Meal prep and planning

Meal Planning revisited

A few years ago, when I started this website, one goal was to teach people how to plan meals and shop as  efficiently as possible.  Several new services and businesses have cropped up to reduce stress for the people eating the food.  While there is nothing wrong with any of these options, planning is important.

If you use a delivered meal service, everything is in a box, the recipes, and portioned food.  A friend of mine tried a meal kit service, and liked it, but realized that she still had to cook the food.  Although some of the packaging was recyclable, much of it went in the the trash, and the food had to be shipped cross country  before it spoiled.  These are not inexpensive options.  She ordered meals at the cost of about $10 per person per meal.  Recipes changed constantly, there wasn’t much consistency with the food.  If you loved a meal or recipe, it wasn’t always available again.  Again, if you love to cook and try new recipes, it’s a great plan, but most people need to get a good meal on the table quickly, with the least amount of stress.

I test products,

and received a meal kit from a large super market chain.. Yesterday afternoon, I made the kit, a meal designated for two people.  It contained appropriately portioned salmon, Basmati rice, a packet of blackening seasoning, green beans, a small onion, a large green bell pepper, seasoned butter, a lemon, chicken stock, and slivered almonds.  My job was to read and follow directions, (important to any recipe) and make the food.  I had to provide cooking oil, salt and pepper, the cookware and my stellar knife and cooking skills.  This was not a kit for beginners.  And it really wasn’t something I would make on a busy weeknight.  Since I was photographing along the way, it took a little longer than the anticipated 30-40 minutes.  So I poured myself a glass of wine, and got down to the business of making a meal from a kit.

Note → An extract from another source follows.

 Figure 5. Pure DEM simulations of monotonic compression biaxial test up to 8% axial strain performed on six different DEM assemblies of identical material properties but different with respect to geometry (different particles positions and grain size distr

This is like building with Legos

Everything is in the box, and I had no say in what ingredients I can use, no room for creativity or adapting.  So I got out my knife, cutting board, cooking oil, and put a little Kosher salt in a bowl, and grabbed the pepper grinder.  I opened the box and et voila! salmon, green beans, a giant pepper, etc., etc.  First step, wash the veggies, Check!, cut up the pepper and onion, Check! heat up a saucepan, Check! and so on.  The end result was just okay; I wouldn’t pay for this in a restaurant.  It was very convenient to have everything all in one box, but I missed picking out my vegetables and adapting the portions.  The green bean to rice ratio was unbalanced.  The kits provide excellent meal alternatives, but it removes us, culturally, one step more, away from the source of our food.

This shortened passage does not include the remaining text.